Metropolitan News-Enterprise

 

Friday, October 26, 2001

 

Page 1

 

Deputy District Attorney David Gelfound to Run for Superior Court Seat Vacated by Judge David Finkel

 

By a MetNews Staff Writer

 

Deputy District Attorney David Gelfound, a prosecutor in the Hardcore Gang Unit, said yesterday he will run for the Los Angeles Superior Court seat being vacated by Judge David Finkel.

Finkel, 69, has slated his retirement for Jan. 27 after 11 years on the bench. He was a private practitioner and Santa Monica city councilman before winning election to an open seat on the former Santa Monica Municipal Court in 1990.

Gelfound, who grew up in Woodland Hills,  said running for the bench is “the logical next step” after realizing his lifelong ambition to become a prosecutor. He worked for civil firms in Van Nuys and Oxnard after graduating from Pepperdine Law School in 1989, he told the MetNews, while waiting for the District Attorney’s Office to hire him.

His undergraduate degree is from UCLA.

Gelfound becomes the first prosecutor to declare for an open seat in the current election cycle, which will include the primary election on March 5 followed by a Nov. 5 runoff in any race where no candidate receives a majority.
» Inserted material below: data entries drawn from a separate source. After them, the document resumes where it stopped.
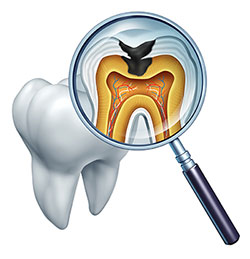 An illustration showing a magnified view of an open tooth cavity with a focus on the inner structure and a small fish-like creature inside, viewed through a magnifying glass.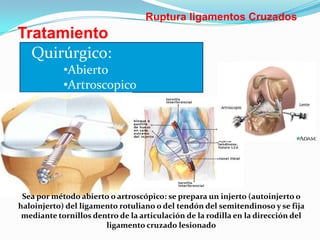 Ruptura ligamentos Cruzados

Tratamiento
Quirúrgico:
•Abierto
•Artroscopico

Sea por método abierto o artroscópico: se prepara un injerto (autoinjerto o
haloinjerto) del ligamento rotuliano o del tendón del semitendinoso y se fija
mediante tornillos dentro de la articulación de la rodilla en la dirección del
ligamento cruzado lesionado

 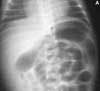 Small Left Colon Syndrome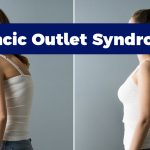 Thoracic Outlet Syndrome-5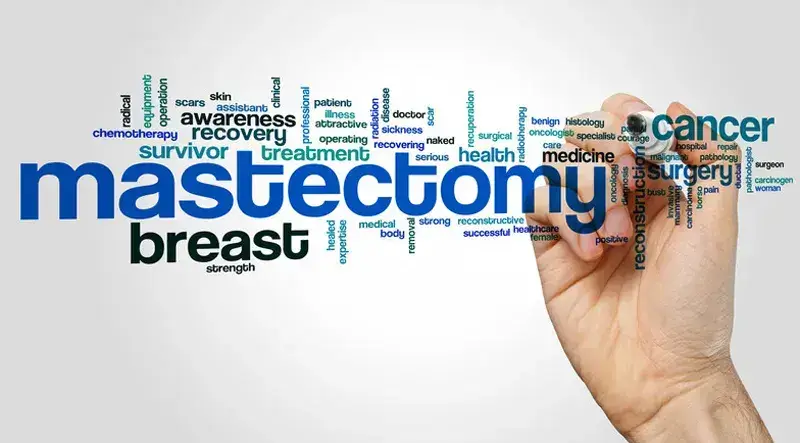 Coding for Mastectomy – Use the Correct ICD-10 and CPT Codes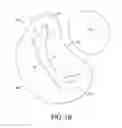 Fig. 03 - Adjustable endolumenal implant for reshaping the mitral valve annulus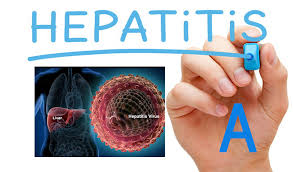 hepatitis a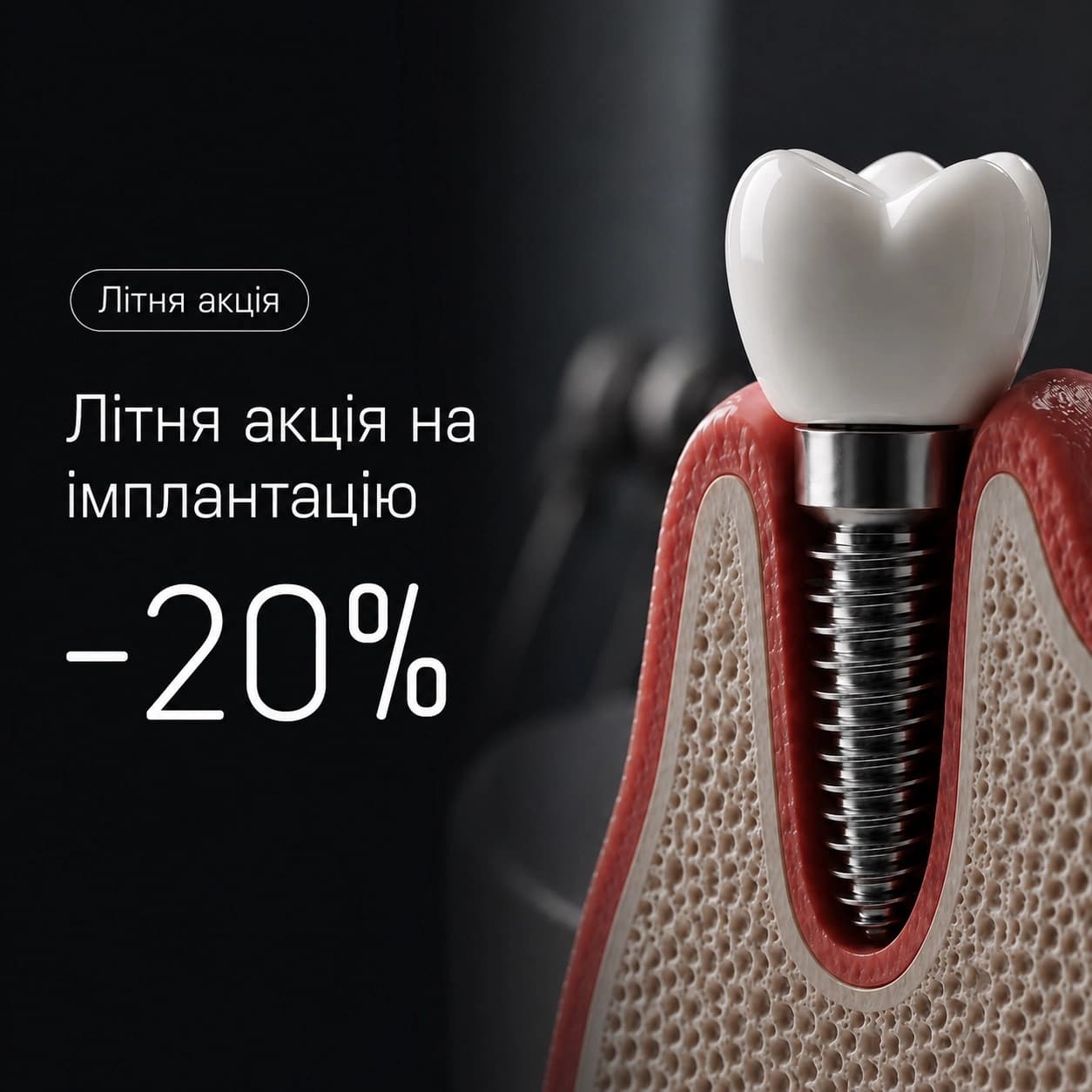 Літня акція на імплантацію −20%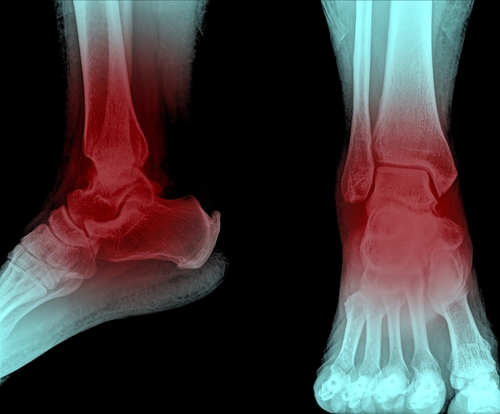 needle pain in heel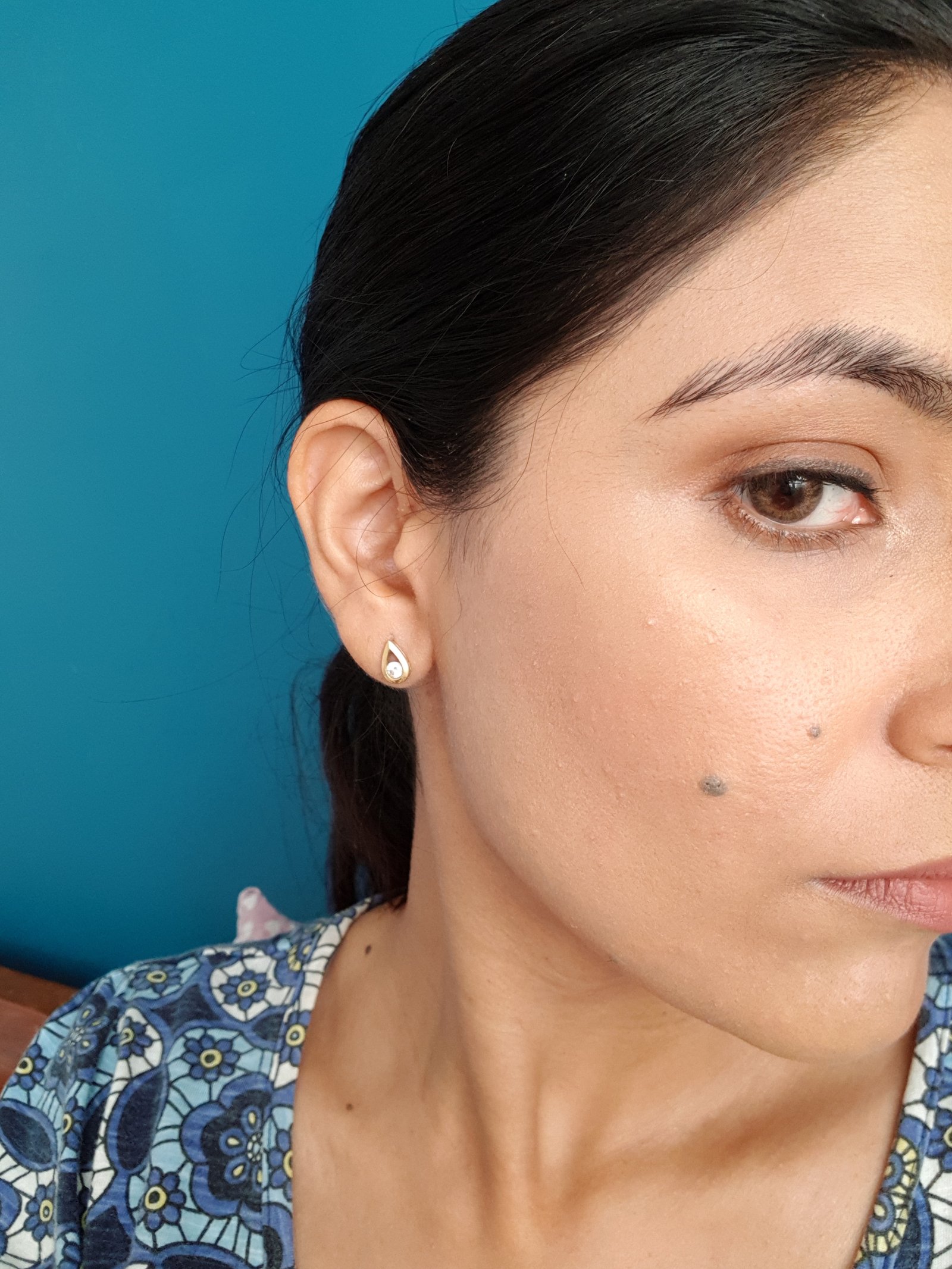 Laura Geller Filter First Concealer on this side. Redness and most imperfections covered.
That fact is significant, because the “criminal prosecutor” ballot designation is extremely popular with voters. Last year, all five of the open seats were won by prosecutors.

Gelfound said he expects to spend $100,000, part of which will go to hiring a professional consultant within the next few days. He will also be releasing, he said, a list of endorsers, including several judges.

At least two other candidates—former Los Angeles Superior Court Commissioner Richard Espinoza and former Santa Monica Bar Association President Joseph Deering Jr.—have said they will seek open seats.

Espinoza said he would run for the seat being vacated by Judge Michael Kanner. Deering originally took out papers to run for the seat left vacant by the retirement of Judge William J. McVittie, but said he’d switch to another race after learning that Gov. Gray Davis had appointed  Richard Kirschner to fill McVittie’s seat. 

Another potential candidate, Glendale attorney Kenneth E. Wright, took out papers to run for the seat left vacant by the retirement of Judge Glenette Blackwell. That seat was recently filled with the appointment of Leslie Brown, and Wright did not return a phone call seeking comment on whether he still intends to run.